Electronic navigation maps

  • support drivers when travelling within unfamiliar areas
  • need to support several tasks; visual search, location assessment, and complex integrative route planning
  • are used while driving, when drivers should not take more than quick glances at them, it is essential that they do not impair driving safety.
  • will become a necessity in future vehicle configurations, i.e., as vehicles become more semi-autonomous and drivers changre from active operators of the vehicle to passive monitors

The study

  • examined different display formats to better support usability and aesthetic requirements.
  • aimed to validate the results found by Lavie, Oron-Gilad and Meyer (2010).
  • further examine additional design attributes – focusing on:
    • graphic style
    • landmarks and how landmarks affect aesthetic perceptions
    • rural and urban road maps

figure 2

Figure 1. Examples of maps in a ‘Traditional elegant monochromatic’ graphic style, with more (right maps) and less (left maps) information for the rural (upper row) and urban (bottom row) settings.

Experiment 2 further examined maps with non-aesthetic graphic styles to see how that affects usability perception and actual use.

figure 12

Figure 1. Examples of maps. Right: a ‘Realistic green’ graphic style, Left: an illustration of an ‘arbitrary’ color arrangement, i.e., the color coded areas do not correspond with the driver’s route.

To read more, look for:

Talia Lavie and Tal Oron-Gilad, Perception of navigation displays, to appear in Behaviour & Information Technology


This study evaluated aesthetics and usability of in-vehicle electronic navigation maps. Experiment 1 examined map displays that varied in the amount of information presented, abstraction level, graphic/color style, and the existence of landmarks in both urban and rural environments using objective and subjective measures. Twenty participants performed navigation/localization tasks using avrious map configurations while driving a driving simulator and completed usability and aesthetic questionnaires. The minimal detail map produced better performances and higher usability and aesthetic ratings when using maps with no landmarks. Adding information in the form of landmarks was found advantageous compared to additional textual information. Abstractions were most advantageous when combined with minimal amount of detail.

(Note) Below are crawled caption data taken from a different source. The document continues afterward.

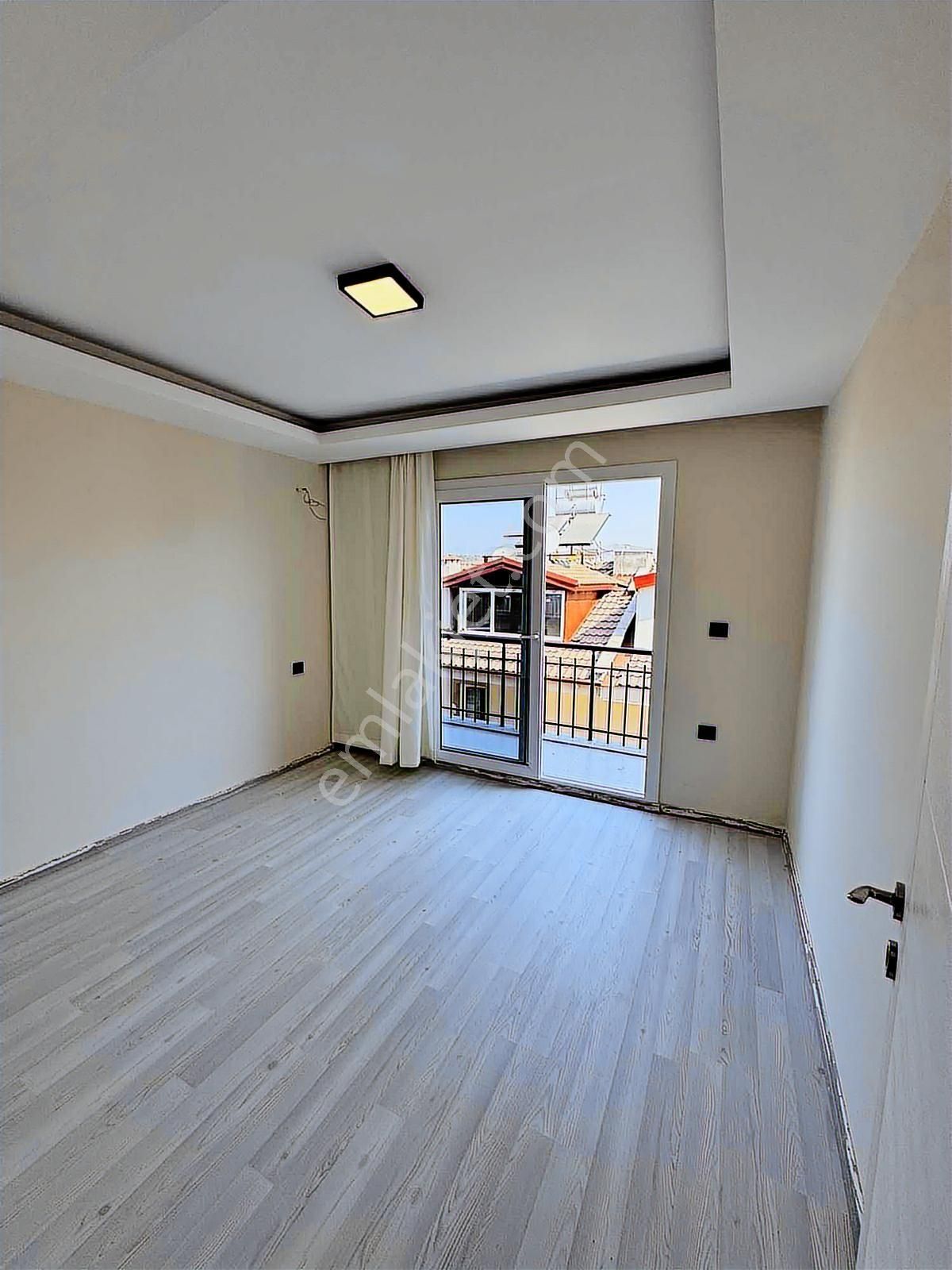 Cami Mh. 3+1 Dubleks Sıfır Bina Satılık Daire - Görsel 15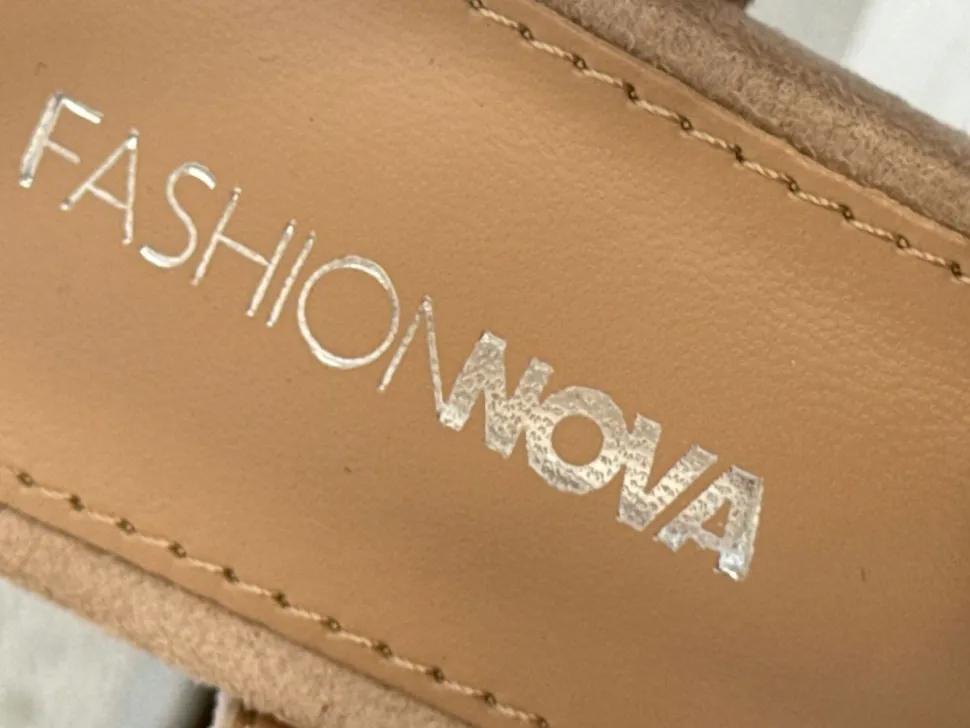 Sandaletten Größe 41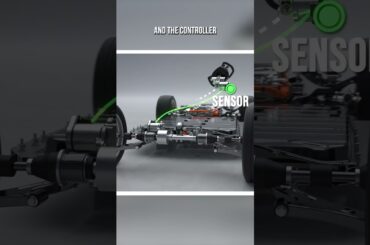 How Steer-By-Wire Works - Tesla Cybertruck's Unique Steering!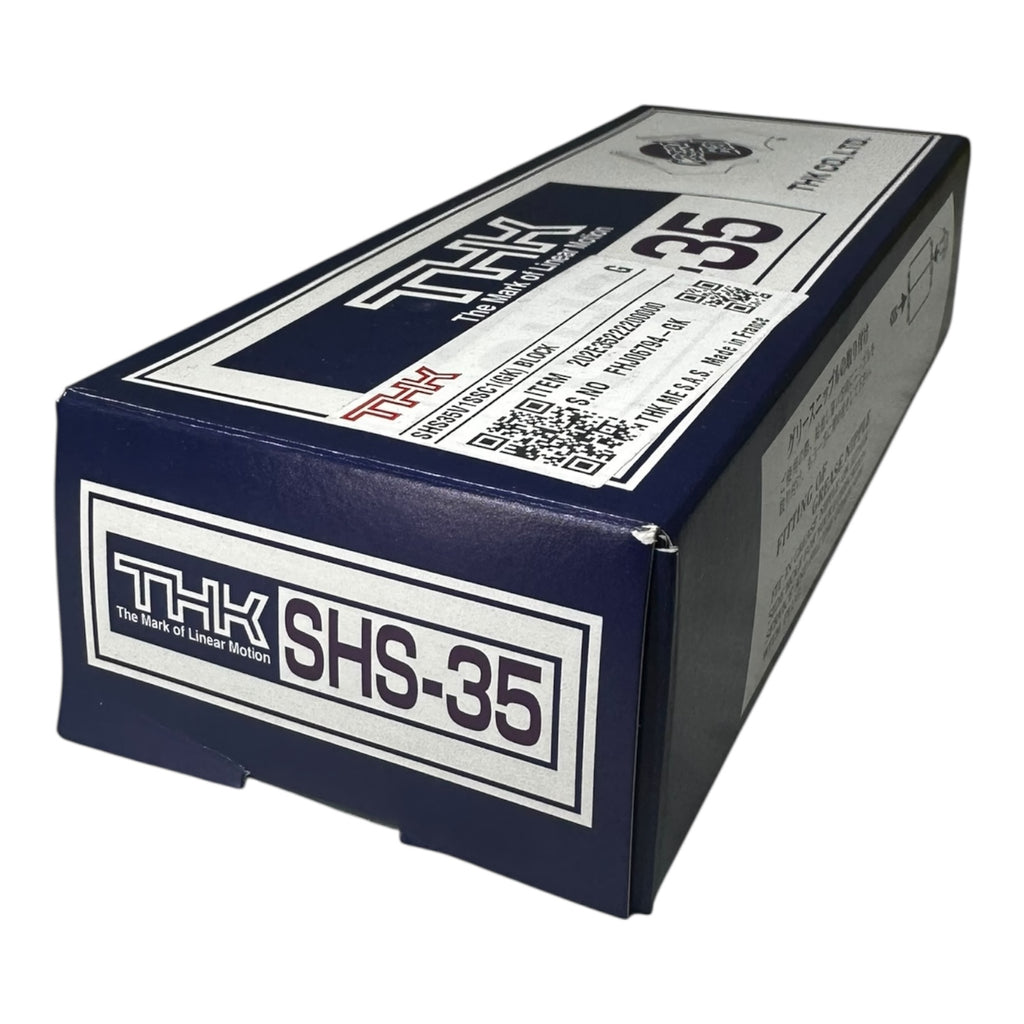 THK SHS35V1SSC1(GK) Linearführung Block Wagen Caged Ball SHS35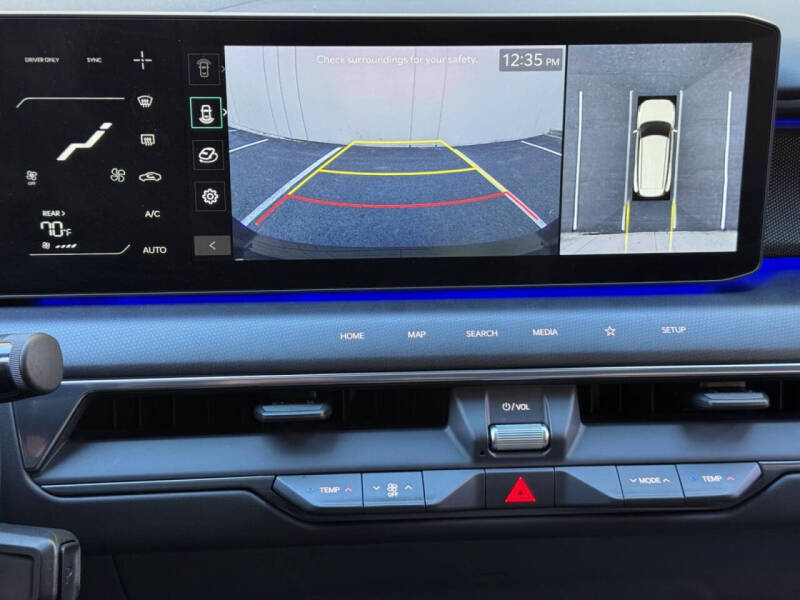 2024 Kia EV9 GT-Line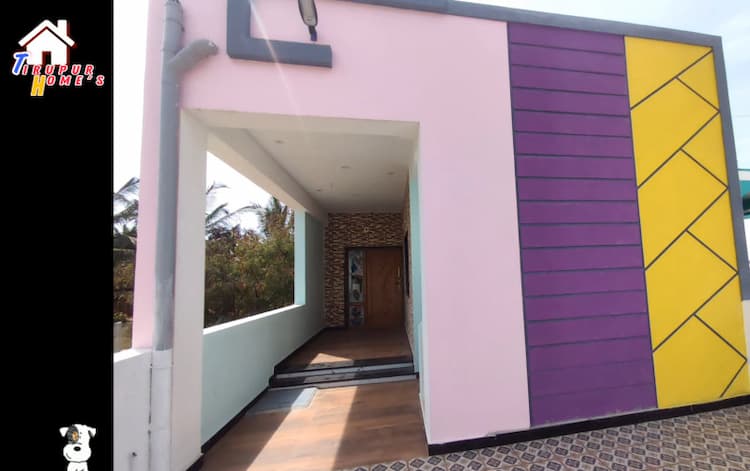 Single Property Image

Moderate abstractions were sufficient for obtaining the desired benefits when more details were present. The graphic/color style affected subjective perceptions. Overall, high correlations were found for the perceived aesthetics and usability scales, however, low correlations were found between actual usability (i.e., performance) and perceived usability pointing to the importance of using both objective and subjective usability measures. Experiment 2 examined how maps varying in their aesthetic level (aesthetic versus non-aesthetic), different color arrangements, and 2D versus 3D landmarks affect subjective and objective measures. Participants distinguished between usability and aesthetic perceptions and usability perceptions were less affected by aesthetics when the aesthetic level of the maps was low. Color arrangement did not affect the measures examined. Both 2D and 3D landmarks were found to be aesthetic and usable. We conclude this paper with guidelines for designing in-vehicle navigation map displays.